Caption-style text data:
____________

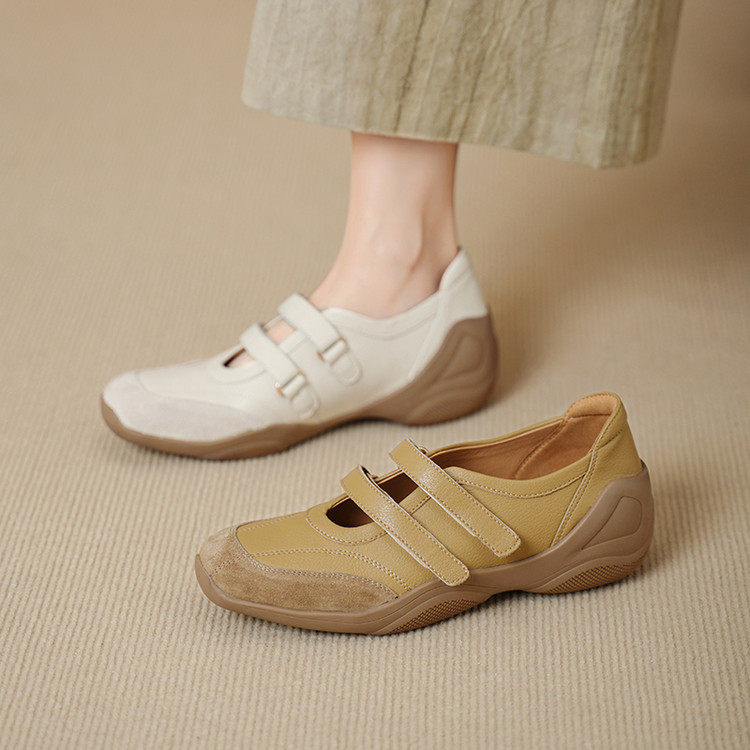 3cm魔术贴柔软真皮休闲扣带玛丽珍单鞋女2026新款百搭舒适小皮鞋,女鞋,深口单鞋,淘宝优惠券,粉丝福利购,淘宝优惠卷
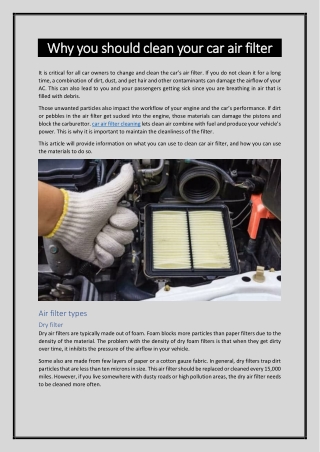 Why you should clean your car air filter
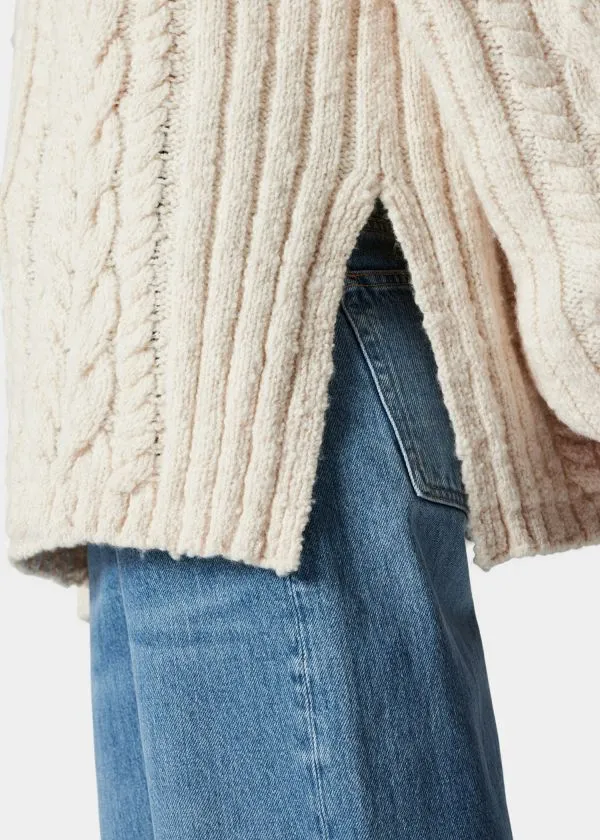 Women Knitwear and Other Stories CableKnit VNeck Jumper Ecru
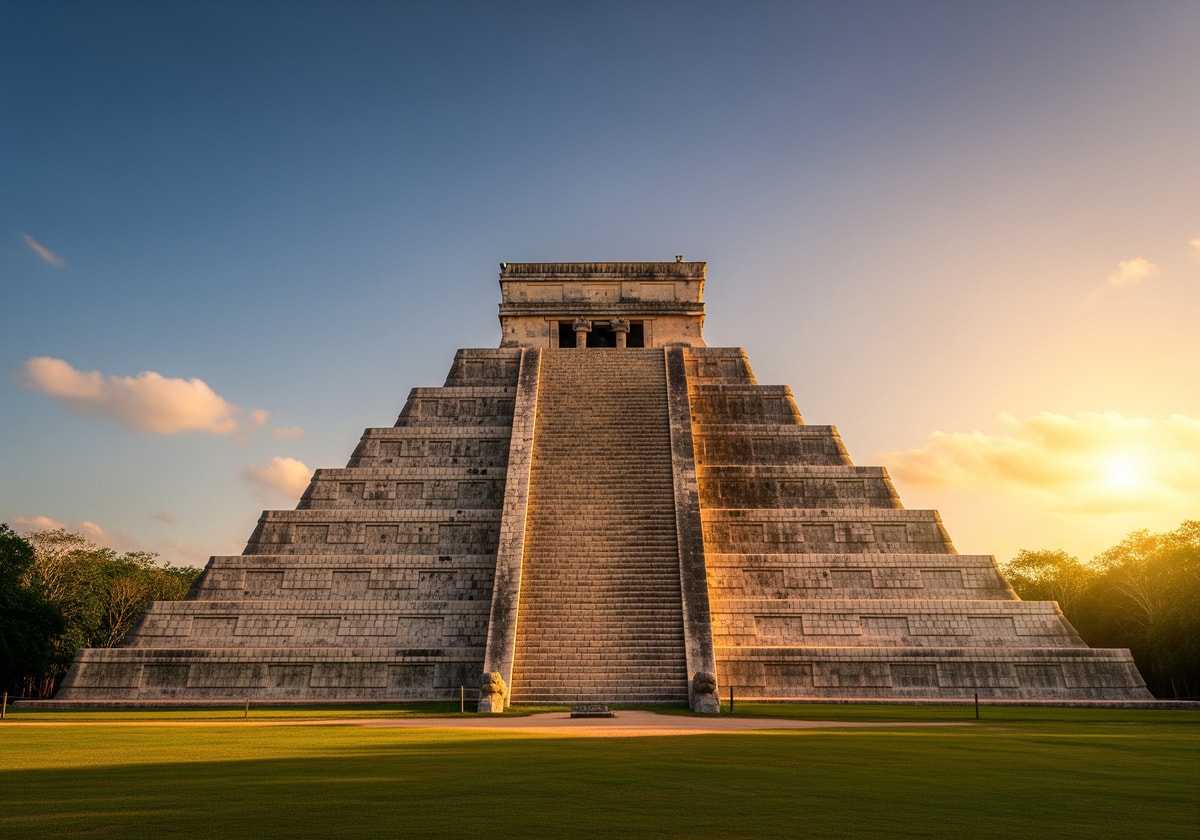 Ancient Mayan pyramid at Chichen Itza Mexico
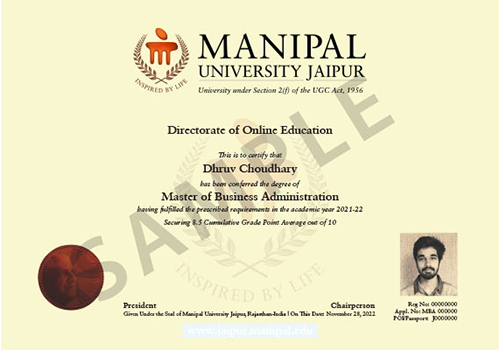 Manipal University Certificate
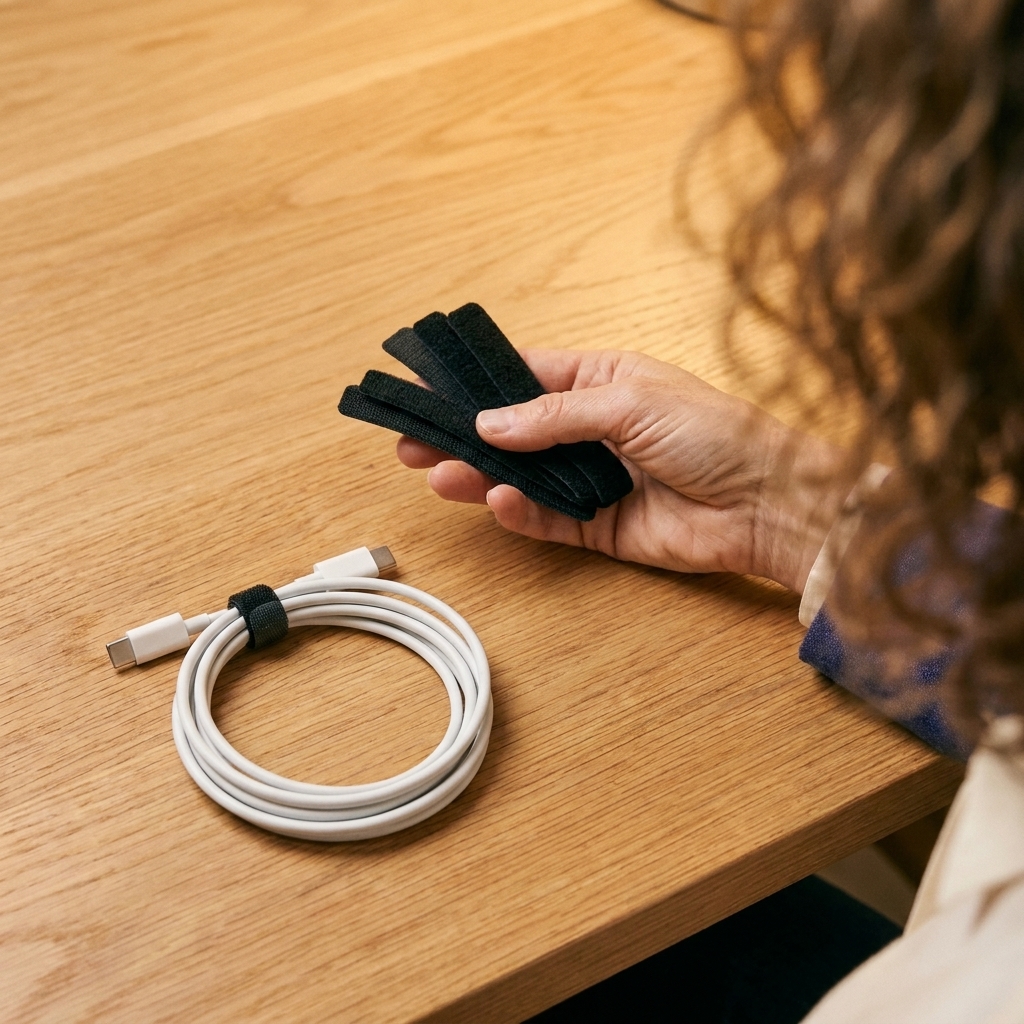 A hand holding a small stack of black Velcro cable ties next to a neatly coiled charging cable on a wooden tabletop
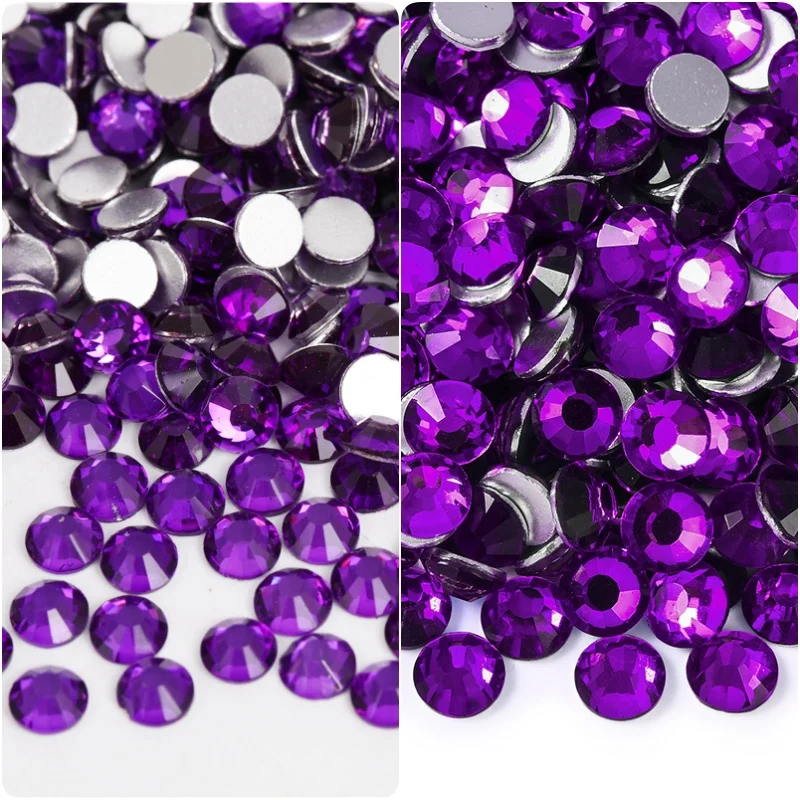 1440PCS SS4-30 Royal Purple Glass Nail Art Dekorationen Nicht Hotfix Flache Rückseite Strasssteine Kristalle Strass DIY Kleidungsstück Image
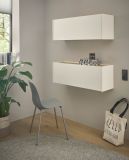 B�rom�bel Set Center in wei� und Wotan Eiche B�roschrank und Sekret�r h�ngend f�r Homeoffice 100 cm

____________

◆ What you have to do
Nothing but the pictures should be left out when the records are retyped exactly.

◆ Response area
 3cm魔术贴柔软真皮休闲扣带玛丽珍单鞋女2026新款百搭舒适小皮鞋,女鞋,深口单鞋,淘宝优惠券,粉丝福利购,淘宝优惠卷
 Why you should clean your car air filter
 Women Knitwear and Other Stories CableKnit VNeck Jumper Ecru
 Ancient Mayan pyramid at Chichen Itza Mexico
 Manipal University Certificate
 A hand holding a small stack of black Velcro cable ties next to a neatly coiled charging cable on a wooden tabletop
 1440PCS SS4-30 Royal Purple Glass Nail Art Dekorationen Nicht Hotfix Flache Rückseite Strasssteine Kristalle Strass DIY Kleidungsstück Image
 B�rom�bel Set Center in wei� und Wotan Eiche B�roschrank und Sekret�r h�ngend f�r Homeoffice 100 cm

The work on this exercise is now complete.